Large language models (LLMs) go through several stages of training on mixed datasets with different distributions, stages that include pretraining, instruction tuning, and reinforcement learning from human feedback. Finding the optimal mix of data distributions across datasets is essential to building accurate models, but it typically requires training and evaluating the model numerous times on a very large set of combinations.
At the last Conference on Empirical Methods in Natural-Language Processing (EMNLP), my colleagues and I proposed a training framework that reduces the computational cost of using mixed data distributions to train LLMs or other neural-network-based models by up to 91%. At the same time, the method actually improves the quality of the resulting models.
Whereas the standard approach to optimizing data distributions involves weighting the different datasets used to train a single model, we train a separate model on each dataset and then weight the models to produce a composite model.
This unconventional approach won a special award for “efficient modeling, training, and inference” at EMNLP and has the potential to make large-model training much more efficient and accessible.
Distribution-edited models
Traditional training approaches (e.g., instruction tuning) select the optimal mix of training data distributions through a method called grid search, an exhaustive-search method that simply compares outcomes for a wide range of different weight values. This is very demanding not only in terms of time and resources but also in terms of flexibility: once the model is trained, it can’t be changed without incurring similar costs.
To address these limitations, we propose fine-tuning a pretrained model on data distributions that correspond to different tasks and then subtracting the parameter values of the original model from those of the fine-tuned models.
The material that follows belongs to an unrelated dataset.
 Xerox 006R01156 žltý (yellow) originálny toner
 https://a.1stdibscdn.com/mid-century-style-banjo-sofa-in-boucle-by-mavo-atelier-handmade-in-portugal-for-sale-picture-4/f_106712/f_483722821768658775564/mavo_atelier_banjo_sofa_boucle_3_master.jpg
We call the differences in parameter values distribution vectors, and we produce a composite model by adding a weighted sum of distribution vectors to the parameters of the original model.
We call the resulting model a distribution-edited model (DEM) to highlight the leveraging of weight vector arithmetic for model editing. The weights are based on the perplexity of each fine-tuned model, or the probability that its parameter values can be predicted from those of the original model.
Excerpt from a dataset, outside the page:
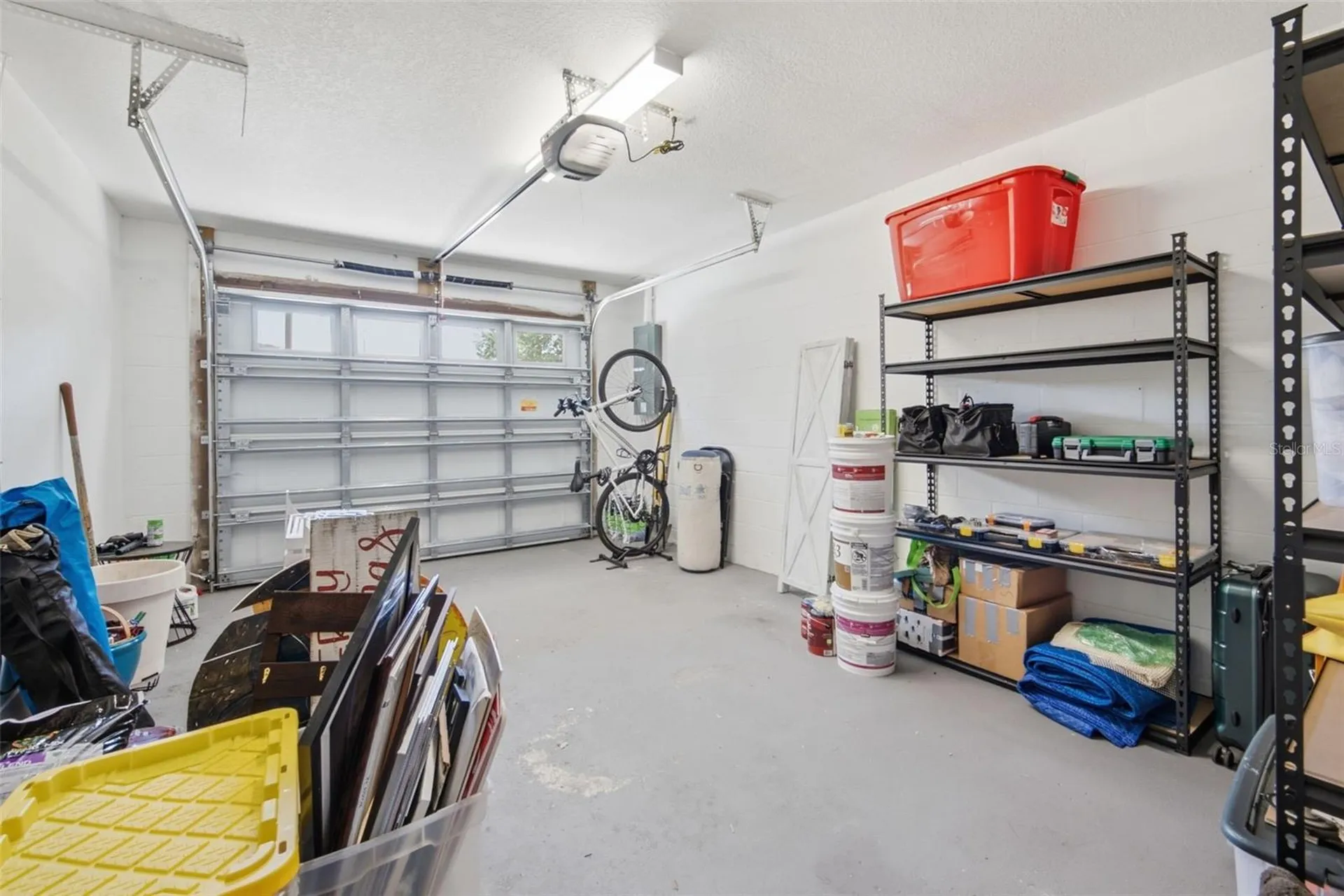18208 State Road 52 Land O Lakes FL 34638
This approach relies on two key observations: (1) training the model separately on each dataset allows better modeling of each dataset’s underlying properties, as there is no interference with other data distributions during the training process; and (2) perplexity can be computed in a single forward pass on validation data, which is much more efficient than grid search. The first point helps improve model quality, and the second point helps make training much more efficient.
In more detail, here are the steps in the approach:
- Individual-distribution training: The original model is trained on individual data distributions through standard training procedures. Checkpoints, or snapshots of the model state after training on a particular dataset, are stored for subsequent steps.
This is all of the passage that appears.